Directional tool 2100 may be any one of a number of devices
suitable for determining both the inclination and azimuth angle of
fracturing tool 2000. Suitable examples of directional tool 2100
include, but are not limited to, gyroscopic surveyors, wireline
steerers, memory pulsed neutron logging devices, and
electromagnetic logging devices. Note that directional tool 2100
may include those types of tools described below as types of
directional sub 40. Through the use of the combination of
directional tool 2100, the operator may determine the inclination
and azimuth angle of fracturing tool 2000. The operator may then
rotate fracturing tool 2000 to the appropriate predetermined
position, either through the use of surface equipment or downhole
equipment. Thus, the operator may, through the use of the
combination of fracturing tool 2000 and directional tool 2100 to
create center of fracture point 1250 at any location about wellbore
1100 as desired. FIG. 1b depicts a substantially identical
operation in a substantially horizontal section of wellbore
1100.
[0023] By orienting nozzles at an angle from fracturing tool wall
2030, as shown in FIG. 1c, it is possible to orient the fracture at
an angle from the wellbore. For instance, when in a mostly vertical
section of the wellbore, in the embodiment shown in FIG. 1c,
nozzles 22 are at an acute angle to fracturing tool wall 2030. As
further shown in FIG. 1c, by orienting nozzles 22 at an acute angle
to the fracturing tool wall 2030, center of fracture point 1250 is
placed at an acute angle to the wellbore and the later-resultant
fractures will propagate, at least in part, at an acute angle to
the wellbore.
[0024] Referring now to FIG. 2, a fracturing tool for use in
accordance with one embodiment of the present invention, a
hydrajetting tool assembly, is illustrated and generally designated
by the numeral 10. In discussion of the hydrajetting tool assembly
10, the terms "above" and "below" are used to denote positions of
equipment associated with hydrajetting tool assembly 10. Such
references are to positions of equipment in a vertical section of
the wellbore, but are used only to denote position, not to limit
hydrajetting tool assembly 10 to any particular wellbore section.

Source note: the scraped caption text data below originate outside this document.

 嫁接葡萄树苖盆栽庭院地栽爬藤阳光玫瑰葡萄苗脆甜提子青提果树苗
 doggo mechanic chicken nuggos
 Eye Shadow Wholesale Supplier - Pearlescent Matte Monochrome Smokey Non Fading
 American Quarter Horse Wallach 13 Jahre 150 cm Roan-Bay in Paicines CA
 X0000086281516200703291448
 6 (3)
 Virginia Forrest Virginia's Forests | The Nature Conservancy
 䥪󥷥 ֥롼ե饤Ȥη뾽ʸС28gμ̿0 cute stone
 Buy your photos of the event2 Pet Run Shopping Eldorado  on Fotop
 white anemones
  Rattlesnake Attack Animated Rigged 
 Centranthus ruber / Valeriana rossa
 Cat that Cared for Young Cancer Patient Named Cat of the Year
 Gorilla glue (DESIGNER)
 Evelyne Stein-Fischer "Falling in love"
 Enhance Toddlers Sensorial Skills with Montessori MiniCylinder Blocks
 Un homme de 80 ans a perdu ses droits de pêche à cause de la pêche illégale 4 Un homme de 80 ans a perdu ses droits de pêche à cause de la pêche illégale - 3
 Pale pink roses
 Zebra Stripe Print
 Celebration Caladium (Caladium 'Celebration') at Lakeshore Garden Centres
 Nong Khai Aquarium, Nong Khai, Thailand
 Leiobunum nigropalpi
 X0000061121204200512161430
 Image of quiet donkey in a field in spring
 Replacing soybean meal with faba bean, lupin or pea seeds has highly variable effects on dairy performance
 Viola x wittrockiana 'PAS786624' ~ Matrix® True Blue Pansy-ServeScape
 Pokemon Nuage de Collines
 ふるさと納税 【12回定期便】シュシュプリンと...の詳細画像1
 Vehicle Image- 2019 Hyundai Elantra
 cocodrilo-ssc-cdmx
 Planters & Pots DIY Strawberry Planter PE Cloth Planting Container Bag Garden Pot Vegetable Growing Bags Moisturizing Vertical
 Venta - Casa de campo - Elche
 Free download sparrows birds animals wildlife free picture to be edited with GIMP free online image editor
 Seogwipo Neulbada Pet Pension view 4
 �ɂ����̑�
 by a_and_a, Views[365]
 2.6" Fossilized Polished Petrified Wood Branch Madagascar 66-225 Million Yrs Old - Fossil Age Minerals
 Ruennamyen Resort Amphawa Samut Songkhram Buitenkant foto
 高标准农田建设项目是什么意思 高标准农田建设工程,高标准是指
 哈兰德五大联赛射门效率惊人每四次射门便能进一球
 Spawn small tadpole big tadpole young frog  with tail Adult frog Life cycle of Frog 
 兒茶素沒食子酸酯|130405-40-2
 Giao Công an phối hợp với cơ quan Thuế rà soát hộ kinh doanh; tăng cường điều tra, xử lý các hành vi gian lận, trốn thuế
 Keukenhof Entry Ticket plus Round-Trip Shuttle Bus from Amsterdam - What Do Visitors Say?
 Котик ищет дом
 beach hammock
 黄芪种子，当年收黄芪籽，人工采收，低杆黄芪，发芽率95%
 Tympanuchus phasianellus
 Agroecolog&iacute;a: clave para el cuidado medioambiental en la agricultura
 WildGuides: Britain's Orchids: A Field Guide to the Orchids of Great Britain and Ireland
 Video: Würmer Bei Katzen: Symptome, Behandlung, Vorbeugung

The hydrajetting tool assembly 10 is shown connected to a work
string 12 through which a fluid may be pumped at a high pressure.
Work string 12 is typically jointed pipe or coiled tubing. In one
embodiment of the present invention, work string 12 is capable of
transmitting data to and from the surface via wireline
communication, typically from hydrajetting tool assembly 10 to
surface equipment. Where wireline communication is used, conducting
material is installed between the outer and inner walls of work
string 12. Typically, when utilizing conducting material, work
string 12 should be composed of a composite material with limited
ability to conduct electricity to avoid electrical shorts. The
conducting material connects surface equipment with hydrajetting
tool assembly 10, described below, to allow communication between
surface equipment and hydrajetting tool assembly 10. Other
non-limiting means of communication between hydrajetting tool
assembly 10 and surface equipment include mud pulse or sonic
communication means. Where mud pulse or sonic communication is
used, mud pulse or sonic generators are generally affixed to
hydrajetting tool assembly 10 and used to communicate between
hydrajetting tool assembly 10 and surface equipment through
drilling mud and work string 12, respectively.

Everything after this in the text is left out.